The automotive behemoth says the decision to pull the Prius from the sales floor was due to poor customer demand, with just 63 units sold in 2021 thus far. No more orders will be placed for the seven-seat hybrid wagon. Customers will have to choose from the remaining stock.
The Prius nameplate will still go on with Prius hatch. The Prius V will be indirectly replaced with the Toyota Kluger hybrid SUV, priced form $47,650.
Finally, we arrive at the most expensive option on our list – the Mazda CX-8 Sport. Mazda’s have come a long way and it really does show, from build quality to product quality. Prices have also been on the rise, reflecting their premium position in the market.
Hence, the only Mazda with seats for 7 to barely make onto the list is the Sport, which is the entry-level variant to the CX-8 range. Fret not though. There’s nothing bad about getting the base variant (in this case). Remember, the CX-8 is only one tier down from the brand’s flagship cruiser. Which means there’s plentiful equipment and space for the money.
In terms of safety, the Sport gets a raft of active safety measures similar to the ones we’ve seen in other contenders. But the ones that stand out are ones like Tyre Pressure Monitoring System (TPMS), Traffic Sign Recognition, Trailer Stability Assist, Roll Stability Control, Forward Obstruction Warning, Driver Attention Alert and Mazda Radar Cruise Control with Stop & Go just to name a few.
On the outside, its gets a rear spoiler, roof rails, power adjustable auto-folding and heated side mirrors along with LED lighting front and back. Inside there’s a tri-zone climate control system along with one-touch power windows and an auto-dimming rear-view mirror. Further, while the seats maybe upholstered in fabric, the steering wheel and gear shifter are leather wrapped.
The one thing we wished was different is the engine. The unit powering the CX-8 Sport is a 2.5-litre 4-cylinder atmospheric petrol engine rather than the more desirable turbocharged mill of the same displacement. The direct injection naturally-aspirated engine kicks out 140kW and 252Nm of twist, while consuming 8.1L/100km on the combined ADR cycle.
It’s a bummer if we’re honest but not necessarily a deal-breaker. The cars on this list were never meant to break speed records or rearrange your innards every time you stomped your foot on the accelerator pedal, but rather be a comfy and practical way to haul seven people about. Which is precisely what the Mazda CX-8 Sport is.

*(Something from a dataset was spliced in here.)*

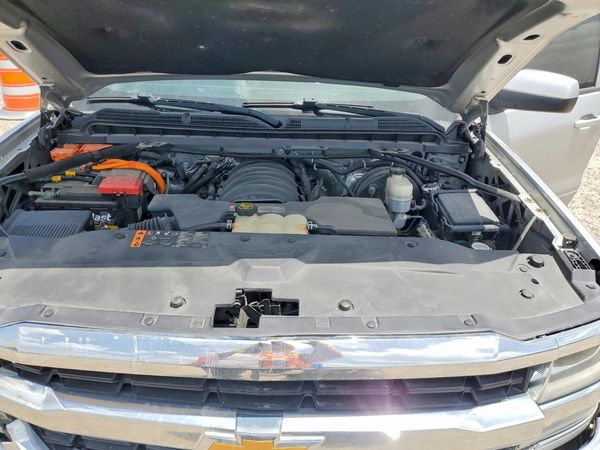 2017 CHEVROLET SILVERADO LT — Engine bay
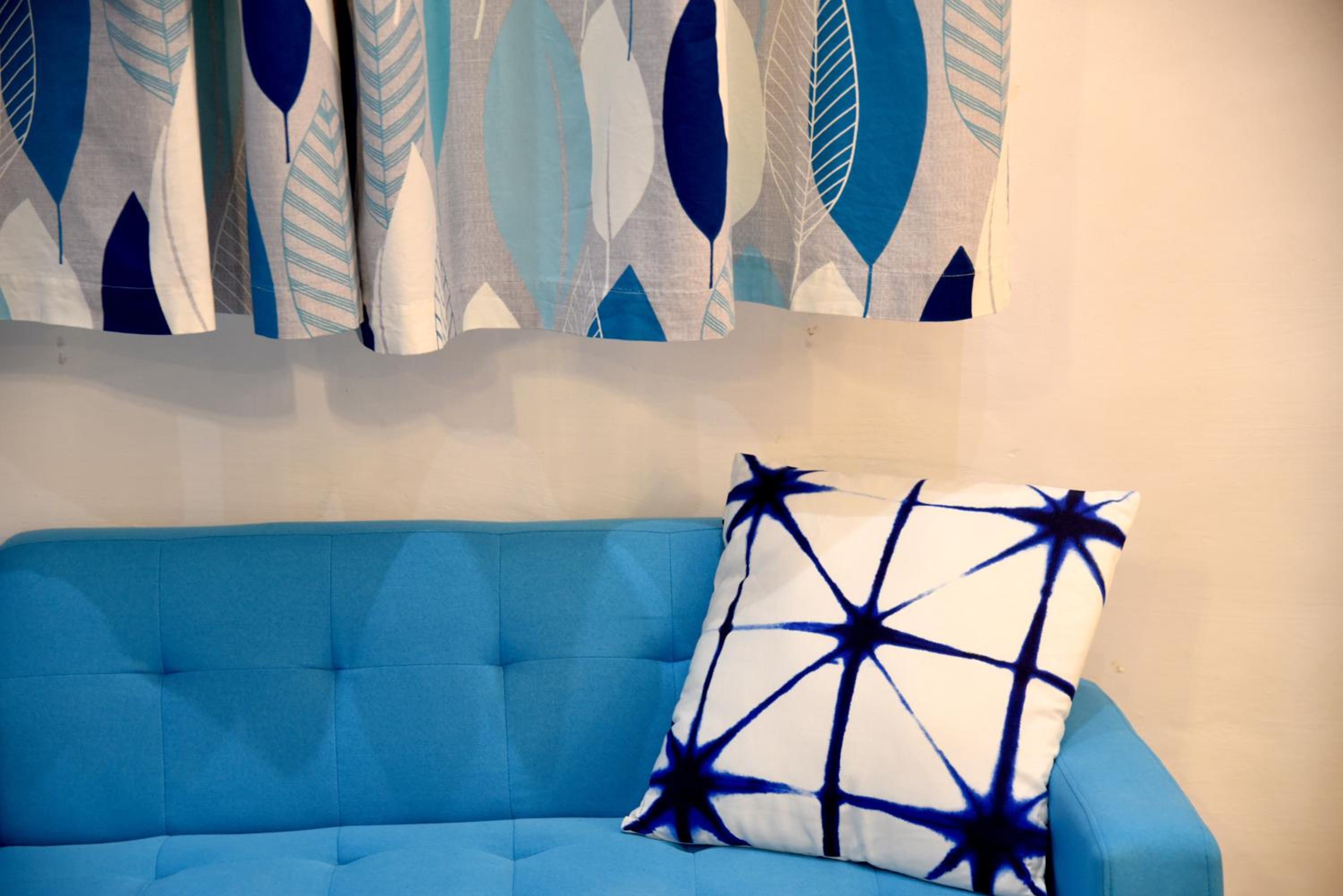 Queen Room photo 2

Which leads us to the conclusion of this piece and the part where we tell you what our top three picks would be.
Taking the crown here is the Mitsubishi Outlander LS AWD. In LS trim, it offers up plenty in the way of active safety equipment and, crucially, it’s the only model to offer all-wheel drive and yaw control. All yours from just $37,190.
The runner up with the most equipment, space and perhaps best looking even, it’s the Mazda CX-8 Sport. Given that the Mazda sits at the bottom of our priced-arranged list, it stretches out the value-for-money sentiment right to the end. It also doesn’t get the more desirable turbocharged engine. But money and performance aside, it’s definitely one of the best contenders on this list.
The second runner up position belongs to the Honda CR-V VTI L7 2WD, priced from $38,990 – which is the second most expensive on our list. But for the money, Honda is making it a value proposition when compared against the others on this list including the E7 variant. Worth the spend if you’ve got your eye on a CR-V.
We hope you found this piece insightful in helping you choose the best seven-seater SUV in the market right now. For more information on any of the cars you see here, please visit our Showroom for more information and the best deal on your next brand-new car.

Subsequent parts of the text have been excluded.